Pack your tackle! The ice left Dead River Pond Sunday. John Rufus Wilbur caught a 3-pound trout Wednesday forenoon. Several parties are booked for “just as soon as the ice goes out.” A number of trout were caught from the dam back of the Haley Pond mill, Tuesday evening. Many of the guides are waiting to wire their early parties as soon as the ice disappears. Ned Churchill and George Wilber caught a handsome string of trout at Hunter’s Cove, on Sunday. There were 18 fish weighing 20 pounds, five of them averaging 1-1/2 pounds apiece. Redington claims the first out-of-town sportsmen of the season— Mr. H. M. Sewell of Bath who arrived Monday night. While in Washington, D. C., recently, Col. Boothby made his home with Theo L. Page, at Page’s hotel. He informs us that Mr. Page is bemoaning his inability to visit the Rangeleys as in former years. A regret in which all his old friends join. Natt Carr brought the first salmon of the season into the Rangeley Lakes office Tuesday. He and Frank Harris caught it in the cove near the steam mill. Six of those present guessed on its weight, one chancing on the right figures— 3- 1/2 lbs. The shoreline, from the boathouse back of Dana Hinkley’s, to the steam mill, was lined with men, women, and children Tuesday night, all trying for an early spring trout. We understand that the ladies had the best of it and that their combined catch far exceeded that of the men.

Phillips opened the fishing season in due form Friday. Geo. A. Staples caught 30 fish on Warm Stream. Walter M. Sawyer and Elliott C. Dill got 30 on Black brook Friday, but those who tackled Meadow brook found the water too red. Joe Boston caught one on the river below the bridge.

Vintage drawing of early season fishing in a classic Rangeley Boat, Circa 1895

Master Raymond H. Merrow, 9-year-old son of R. A. Merrow, was the successful fisher that took the first trout caught in Rangeley Lake this season. It weighed about 1-1/2 lbs., and was caught off the Marble Point wharf, in City Cove May 1. This trout graced the tables of the new Rangeley Lake House Saturday morning, May 2, and it can truthfully be claimed that Master Raymond H. Merrow successfully opened this season’s catch of trout in Rangeley (Oquossoc) Lake. There seems to be “blood on the face of the moon,” where violations of the fish and game laws are suspected. Under the new organization of the State commissioners, the wardens are showing more starch in their vertebrae. It seems generally understood that Commissioner Carlton means business, and the more that idea becomes incorporated in the minds of those who occasionally take chances, the less violation there will be. A person had much rather saw wood, than pay the price, “assessed” for illegal fishing, with the possibility of “30 days” retirement in addition.


Below is an advertisement for cheap land available in California, found on page 6.


I can sell parties who are desirous of locating in California, Real Estate in any quantity from 5 to 1000 or more acres, situated in, what I consider the best part of California, from 20 to 50 miles from the ocean, just brought into the market by the Coast Line R. R. from San Francisco to Los Angeles.
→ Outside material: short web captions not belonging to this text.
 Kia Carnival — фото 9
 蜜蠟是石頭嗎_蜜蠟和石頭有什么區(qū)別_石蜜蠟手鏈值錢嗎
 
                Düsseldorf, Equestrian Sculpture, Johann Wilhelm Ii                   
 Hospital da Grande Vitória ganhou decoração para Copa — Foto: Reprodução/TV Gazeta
I do not urge people to leave Maine, but if any are coming here, I can help them to land at from $5 to $50 per acre, as good as can be bought in other parts of the state for $400 per acre. Climate fine. Well wooded, pine and oak. Good water. This is the best chance for a poor man to get land and make a start of any place I have seen in this state. For particulars write or call on me. Address: SEWARD DILL, Soquel, Santa Cruz Co.

Given that the transcontinental railroad had been in operation for 27 years at this point, one could travel 3rd class to San Francisco in about 10 days at a cost of around $45 dollars. There were probably more than a few who took Mr. Dill up on this opportunity.

Have a great week and be sure to make some great Rangeley history of your own!